There was no reply to their ring. Neither Dalgliesh nor Kate spoke. Their thoughts were running on similar lines. Mrs. Carpenter could have left early, before the post, or after seven-thirty the previous night, perhaps to stay with a friend. It was premature to begin thinking of breaking down doors. But Dalgliesh knew that this sudden weight of premonition, familiar from so many past cases and apparently intuitive, invariably had its basis in rationality.

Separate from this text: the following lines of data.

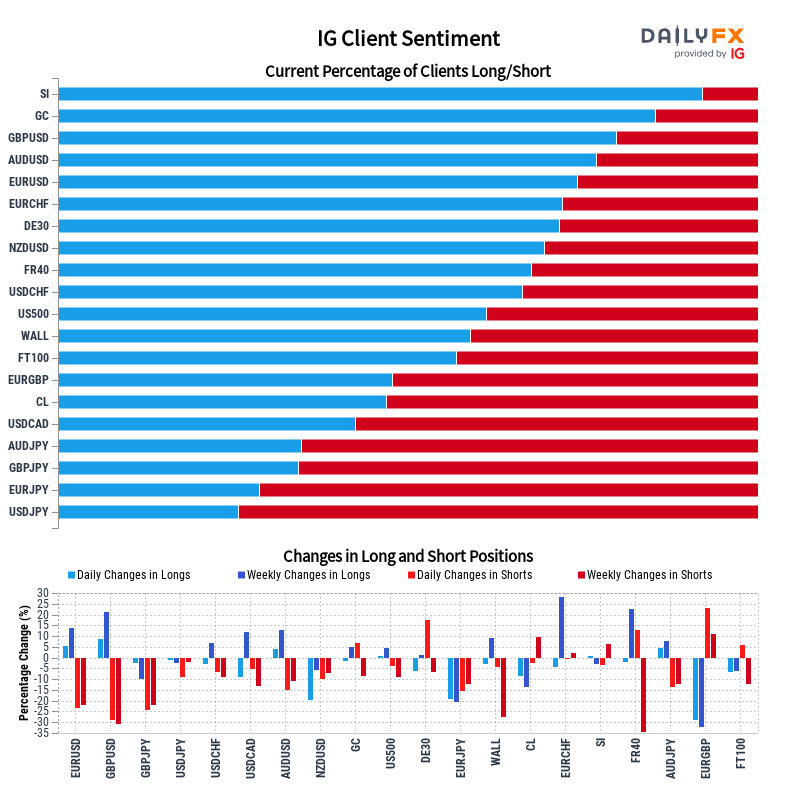IG Client Sentiment Report 2022-07-03 04:00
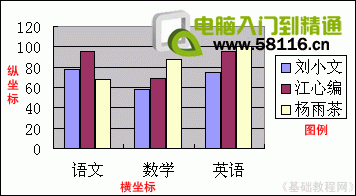 Excel基础教程-创建图表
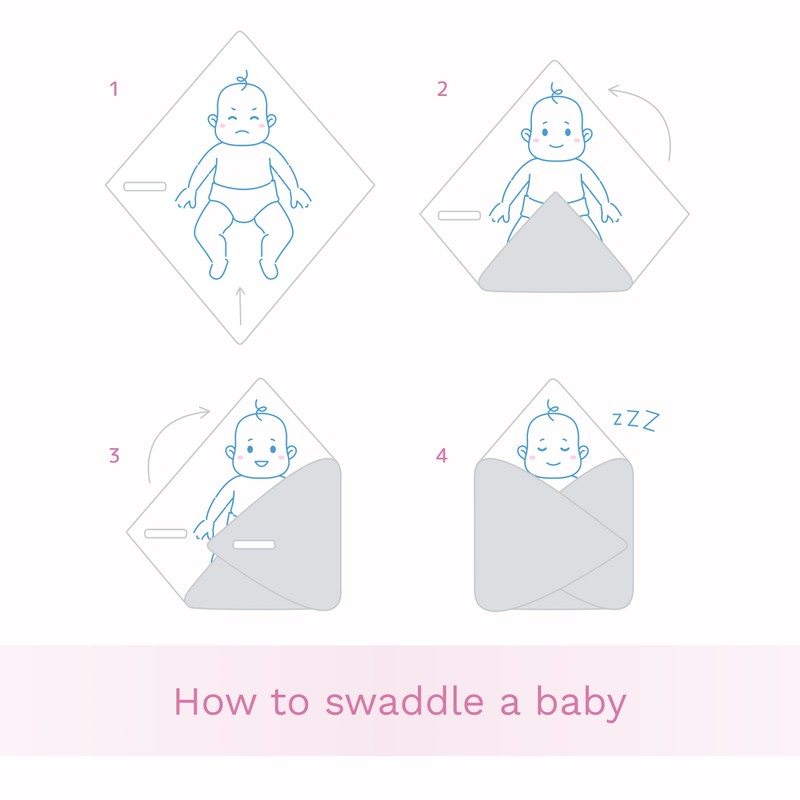 Baby Comfort Luxury Swaddle / Blanket / Duvet / Sleeping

There was a row of plants in pots outside Number Nine. He went over to them and found among the leaves of a lily a folded note. The note read: “Miss Kemp. These are for you to keep, not just to water for me. The calathea and the bird’s-nest fern love humidity. I found they did best in the bathroom or kitchen. I’ll drop in the keys before I leave in case of flood or burglary. I shall be away about a week. Many thanks.” It was signed “Janet Carpenter.”
Dalgliesh said: “There’s usually a key-holder. Let’s hope Miss Kemp’s at home.”
She was, but it took three rings before they heard the rasp of a bolt. The door was carefully opened on a chain and an elderly woman peered out at them into Dalgliesh’s eyes.
Dalgliesh said: “Miss Kemp? We’re sorry to trouble you. We’re police officers. This is Detective Inspector Miskin and my name is Dalgliesh. We were hoping to have a word with Mrs. Carpenter but there’s no reply and we want to check that she’s all right.”